American Lobster Put on 'Red List' for Seafood Sustainability

While lobster is not endangered, the Monterey Bay Aquarium's Seafood Watch says fishing practices are affecting another marine species.

Photo: Stanislav Sapovalov / EyeEm / Getty Images

Earlier this week, the Monterey Bay Aquarium's Seafood Watch program added the American lobster, snow crab, Atlantic rock crab, and other species that are caught in pots, traps, or gillnets to its "red list." The organization rates the sustainability of seafood using a four color scale, which ranges from green ("Best Choice") to red ("Avoid"). On previous lists, American lobster had an amber rating, which designated it as a "Good Alternative" to other, less-sustainably caught options, with the caveat that lobster consumers should "Be aware of concerns" related to its harvest methods.

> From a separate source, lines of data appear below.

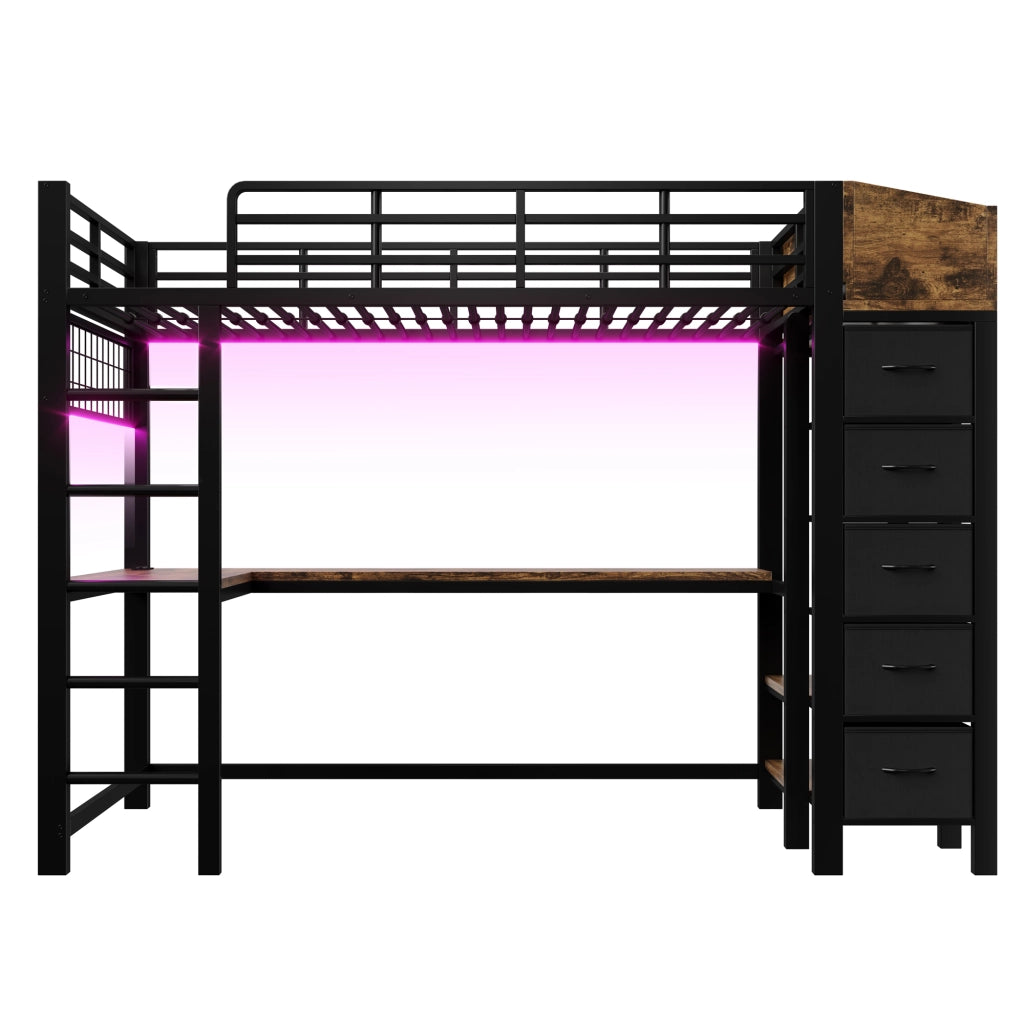 Letto a soppalco in metallo 90x200 cm con scrivania gaming, sistema di contenimento e luci LED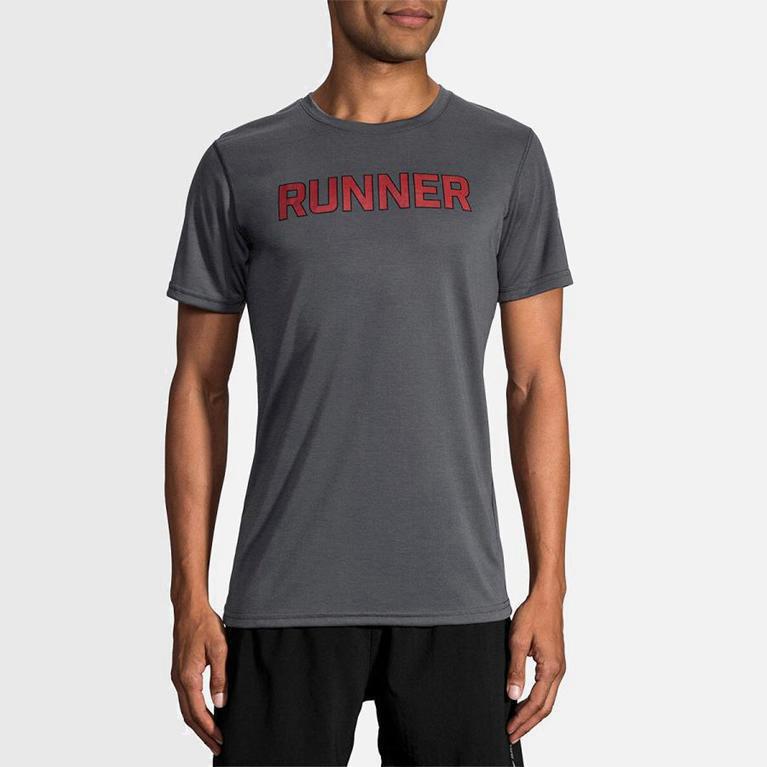 Brooks Distance Graphic Israel - Men's Short Sleeve Running Shirt - Grey (38457-UAEG)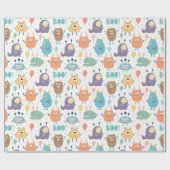 Papier Cadeau Les mignons monstres d'Halloween | BABY SHOWER (Plat)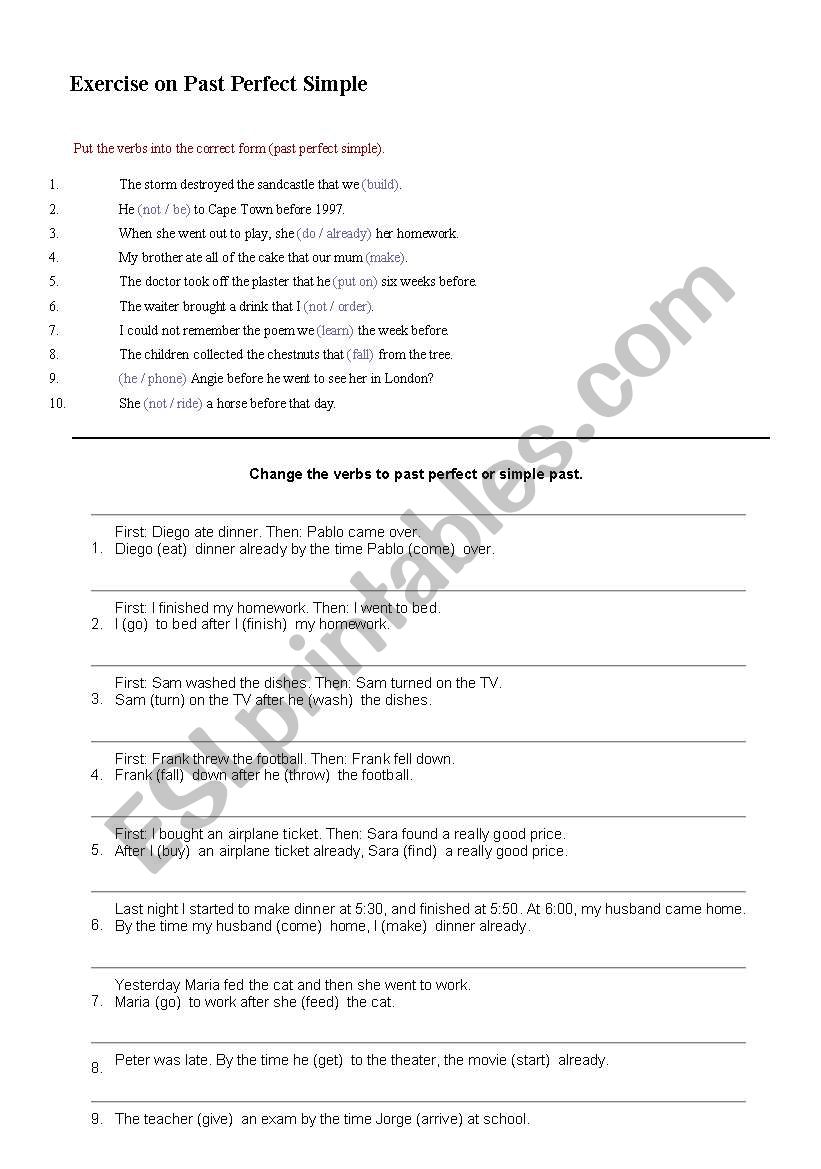 Drills on The Past Perfect Tense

The newly red-listed species includes American lobster that have been caught in both U.S. and Canadian waters. Seafood Watch explained that it downgraded the species to its red list because "current Canadian and U.S. management measures do not go far enough to mitigate entanglement risks and promote recovery of the North Atlantic right whale."

The organization says that the right whale is in danger of going extinct, and getting caught in fishing gear is the leading cause of both injury and death to the species. According to Seafood Watch, there are only 340 North Atlantic right whales in existence today, and 80 percent of right whales have gotten caught in fishing gear at least once during their lifetimes.

According to the Associated Press, a significant number of restaurant chains and food-based businesses rely on Seafood Watch's recommendations to determine which species they feature on their menus. Meal kit delivery service Blue Apron told the outlet that it had pulled its seasonal lobster box well before the updated ratings were released, but HelloFresh said that due to lobster's appearance on the red list, it would no longer offer that particular crustacean.

"HelloFresh is committed to responsible sourcing and follows guidelines from the Monterey Bay Aquarium Seafood Watch program," a HelloFresh spokesperson told the AP.

Perhaps unsurprisingly, lobster's appearance on the red list wasn't exactly welcome news in Maine, the state that accounts for over 80 percent of the lobster that are caught in the U.S. Anne Tselikis, the executive director of the Maine Lobster Dealers' Association, told the Bangor Daily News that the state's lobstermen are already subject to increased regulations regarding the kinds of lines, pots, and other gear they could use, and that no deaths of right whales had been attributed to their equipment.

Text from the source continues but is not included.